Aturan Istitaah Kesehatan Jamaah Haji Dinilai Terlalu Longgar, Kasus Kematian Tertinggi Sejak 2015

JAKARTA, SUMUTPOS.CO – Misi penyelenggaraan haji musim 2023 tuntas pada Sabtu (5/6). Ditandai dengan sudah pulangnya seluruh kloter jamaah Indonesia. Catatan menonjol pada haji tahun ini adalah kasus atau angka kematian yang sangat tinggi. Rekor terbanyak sejak penyelenggaraan haji 2015 lalu.
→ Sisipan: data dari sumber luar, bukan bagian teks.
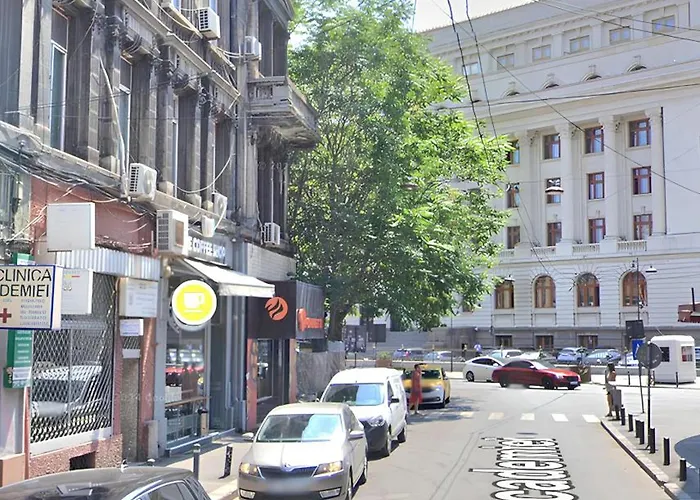 Апартаменти Architectural Gem With Modern Flair - Double Studio Old Town *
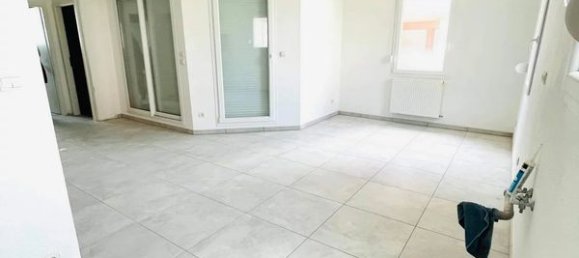 Apartamento de 2 divisões em Cosnes-et-Romain, France N.º 99674 9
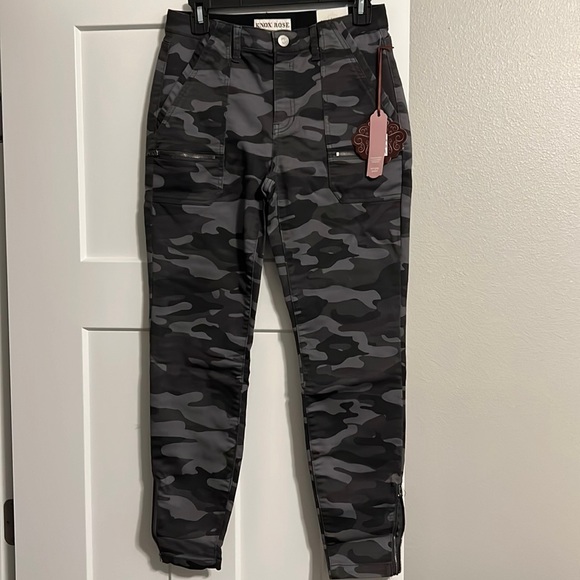Knox Rose Pants - Knox Rose | Women's Camo Pants | Size 8 | 0600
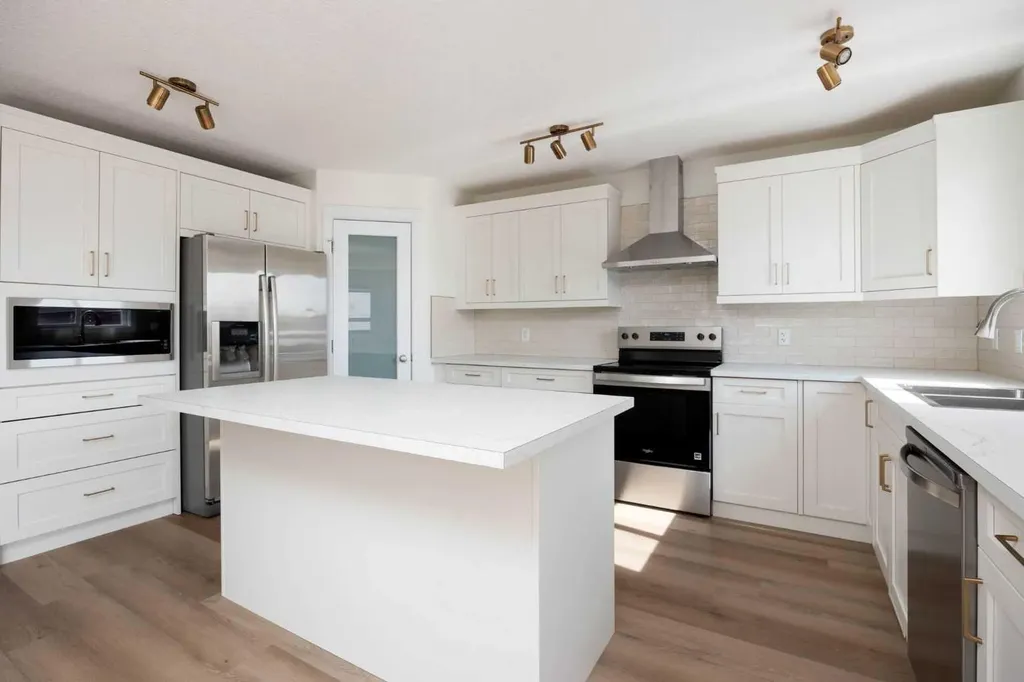 104 Walnut Crescent Fort Mcmurray AB T9K0N6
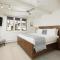 Chateau Snow Unit 202, Renovated Condo with Great Natural Light, Excellent Location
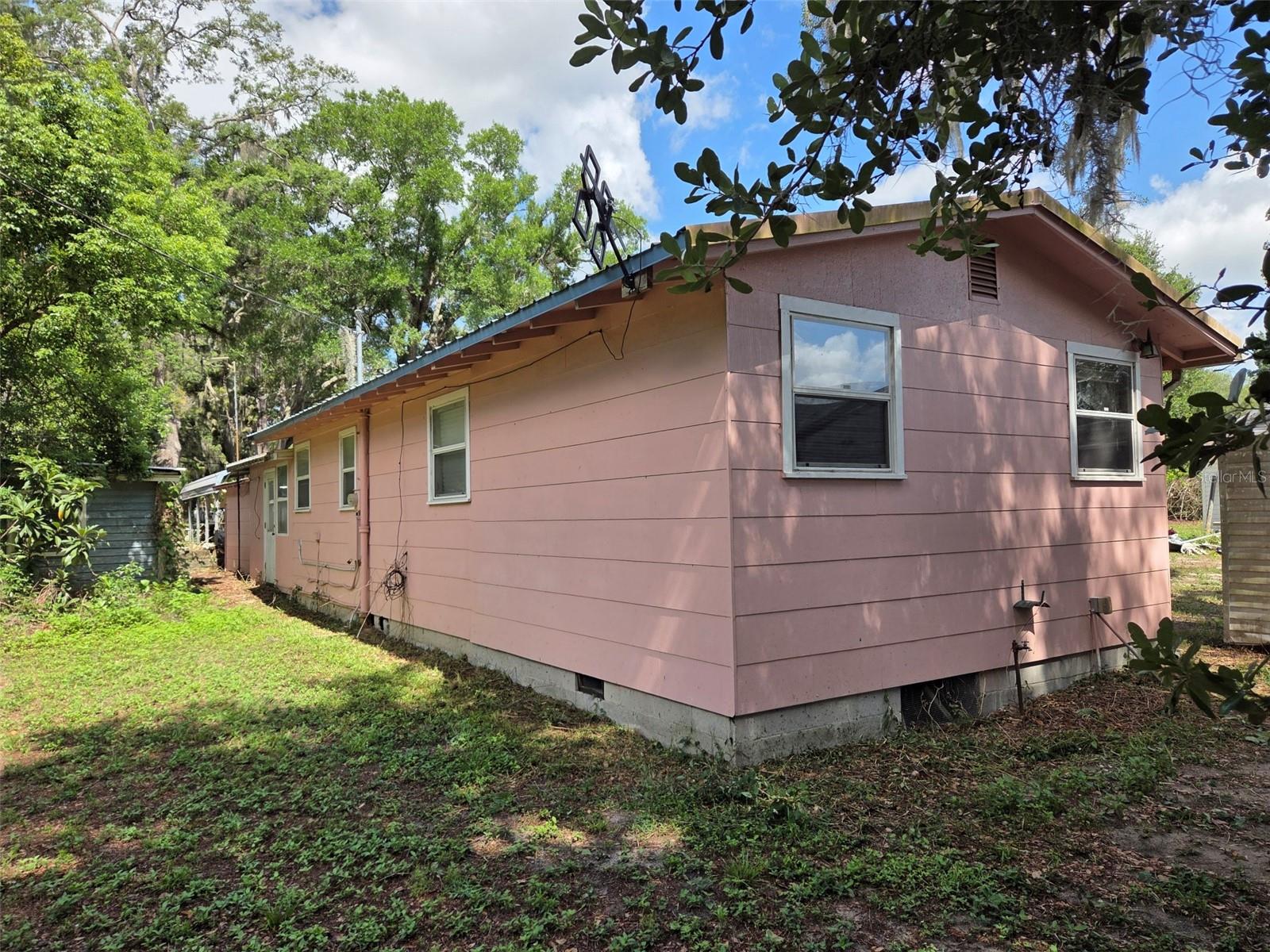 4534 Seaberg Rd Property Photo 3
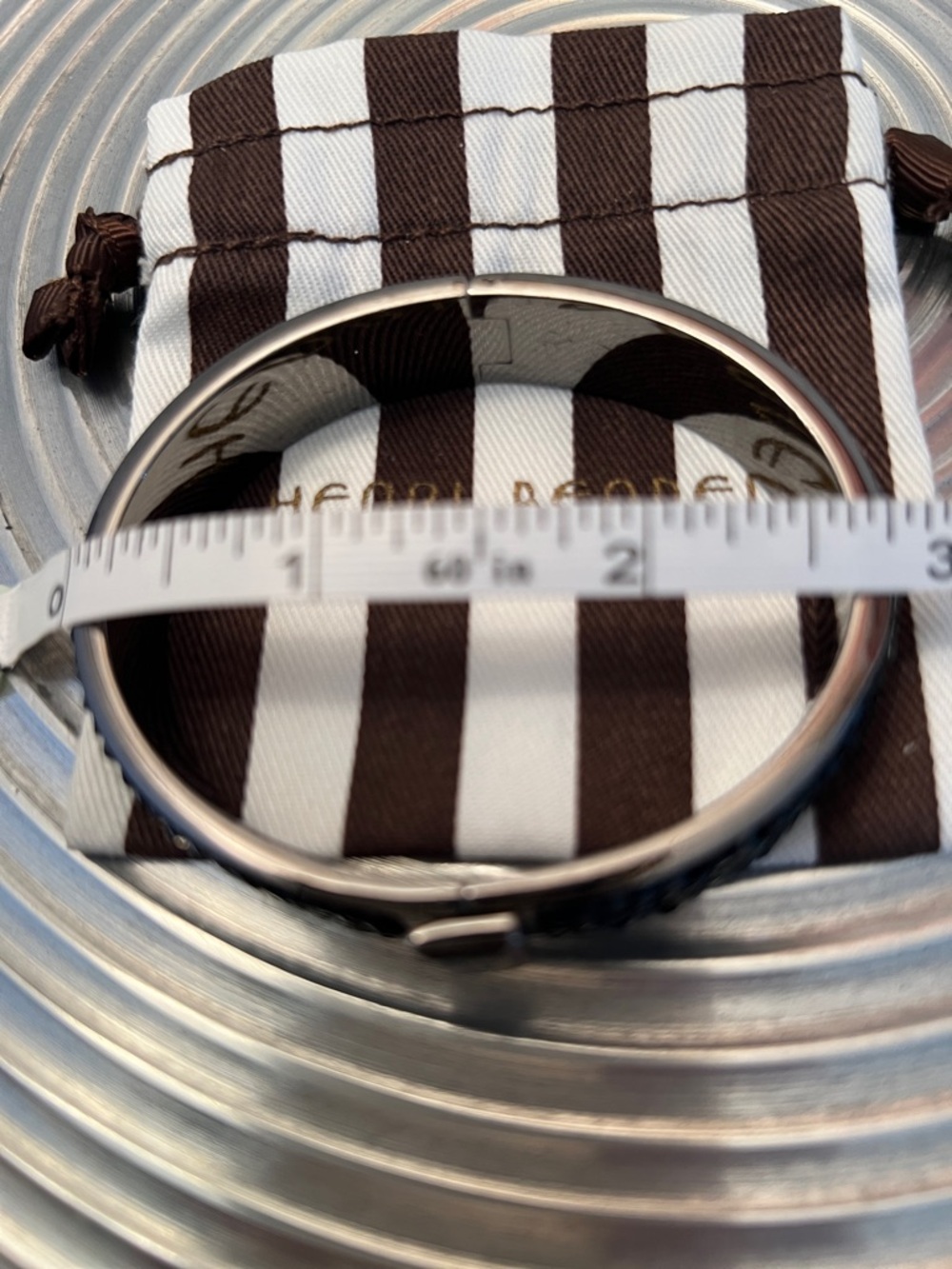 HENRI BENDEL NWOT BLACK ROCKS & GUNMETAL BRACELET & COORDINATING NECKLACE - Picture 2 of 14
Data dari Siskohat Kemenag per 6 Agustus kemarin, angka kematian jamaah haji tercatat sebanyak 773 orang. Jumlah ini merupakan angka terbanyak sejak 2015 lalu.

Kasus kematian terendah ada pada 2022 yang tercatat berjumlah 89 orang. Kasus kematian jamaah haji di 2022 sedikit karena kuota hanya sekitar 50 persen dan usia jemaah di bawah 65 tahun. “Jumlah jamaah haji yang wafat tahun ini bisa jadi bertambah,” kata pengamat haji Ade Marfudin kemarin (6/8).

Sebab sampai kemarin masih ada 76 jamaah yang menjalani perawatan di RS Arab Saudi di Makkah, Madinah, maupun Jeddah. Ade mengatakan banyaknya angka kematian haji tahun ini, harus menjadi evaluasi besar penyelenggaraan rukun Islam yang kelima itu.

Ade mengatakan, kasus kematian jamaah, lebih dekat urusannya dengan layanan kesehatan di bawah komando Kementerian Kesehatan (Kemenkes). Menurut dia harus ada tanggung jawab moral dari Kemenkes, terkait banyaknya jumlah jemaah haji yang wafat tersebut. “Sayangnya pembinaan kesehatan tidak jadi pokok layanan. Hanya fokus kuratif, aspek preventifnya lemah,” tuturnya.

Untuk musim haji berikutnya, kata Ade, pembinaan dan pemantauan kesehatan jamaah harus lebih serius. Sebelum jamaah dipastikan bisa berangkat, harus benar-benar dinyatakan layak untuk berhaji dari aspek kesehatan. Jamaah dengan kondisi turun dari ranjang saja susah, tentu tidak dipaksakan untuk berhaji. “Saya menilai ketentuan istitoah kesehatan terlalu longgar,” katanya.

Ade memahami, Kemenkes beserta jajarannya di tingkat bawah, tidak bisa serta merta mencegah calon jamaah untuk berhaji. Karena itu domain atau kewenangan dari Kementerian Agama (Kemenag). Padahal dalam praktiknya, ada jamaah dengan kondisi tertentu yang sampai dilayani lebih dari satu orang petugas haji.

Ade berharap Kemenkes, Kemenag, dan MUI bisa duduk bersama membahas lebih detai soal istitoah kesehatan haji. Jamaah dengan kondisi kesehatan tertentu, yang dinyatakan tidak layak berhaji, diberi pengertian dari aspek keagamaan berdasarkan fatwa MUI.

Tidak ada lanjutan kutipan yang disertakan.